### RECORDED INFORMATION
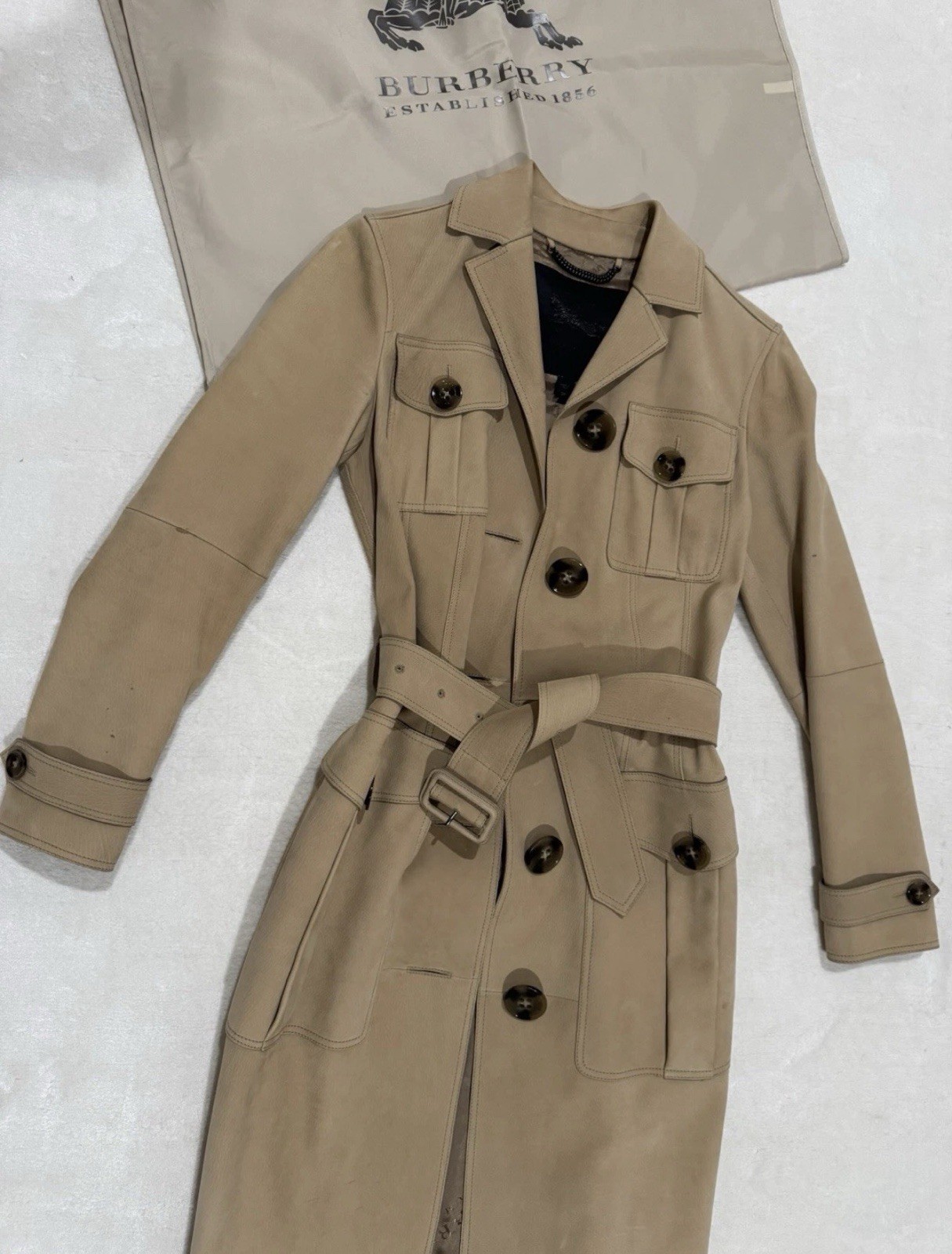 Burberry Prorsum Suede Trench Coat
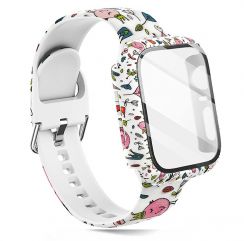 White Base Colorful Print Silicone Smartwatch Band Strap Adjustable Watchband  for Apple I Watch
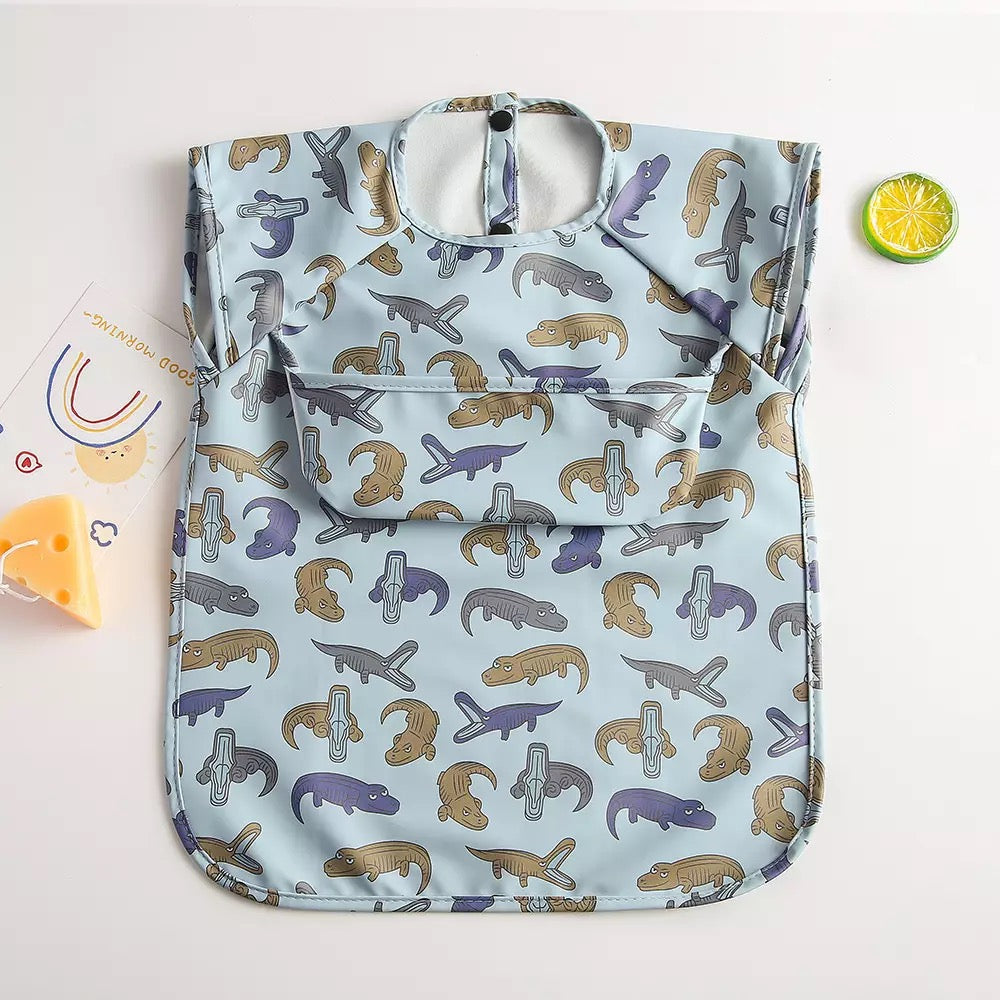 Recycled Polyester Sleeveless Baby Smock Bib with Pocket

### WORK TO COMPLETE
When you transcribe the lines above, keep every word exact but leave the pictures behind.

### SOLVED PROBLEM
 Burberry Prorsum Suede Trench Coat
 White Base Colorful Print Silicone Smartwatch Band Strap Adjustable Watchband  for Apple I Watch
 Recycled Polyester Sleeveless Baby Smock Bib with Pocket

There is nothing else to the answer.